Karl Marx, Canadian Whiskey, & Kermit the Frog
by Ric Albano
Badlees Story | Related Articles | Acknowledgements | Badlees.com |
What do DVDs, disco, the Dutch, compact discs, VCRs, Charlie Chaplin, classical music, the European record market during World War II, Karl Marx, Canadian Whiskey, and Kermit the Frog all have to do with the Badlees?
Read on and you will find out.
Charlie Chaplin (Sir Charles Spencer Chaplin) was a British actor and filmmaker who rose to prominence during the age of silent films, primarily through his popular, ever-intoxicated character known as The Tramp.
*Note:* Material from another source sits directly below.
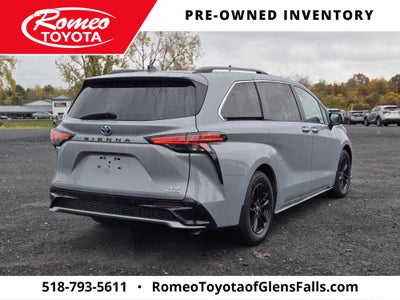 2024 Toyota Sienna XSE 7 Passenger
In 1917, he began plans to build his own studio by purchasing a large orange grove along LaBrea Avenue in, what is today, Hollywood, CA. Chaplin built six English-style buildings along LaBrea, arranged as to give the effect of a picturesque English village street, with professional soundstages and offices in the interior and even built his own home on the northern part of the property. Starting in the 1920s, all Chaplin productions were filmed here.
Decca Records was established in London in 1929 by Sir Edward Lewis. By 1931, the company licensed record shop owner H.W. Van Zoelen to be its exclusive distributor in the Netherlands and its colonies. This new distribution company was named Hollandsche Decca Distributie (HDD) which became extremely successful, especially with the outbreak of World War II, when all British and American record companies ceased operations in Europe but HDD persisted. Eventually HDD got too big for Van Zoelen to operate, so he approached to the biggest Dutch company in the world, Phillips, to see if they were interested in buying the distributorship, and they were.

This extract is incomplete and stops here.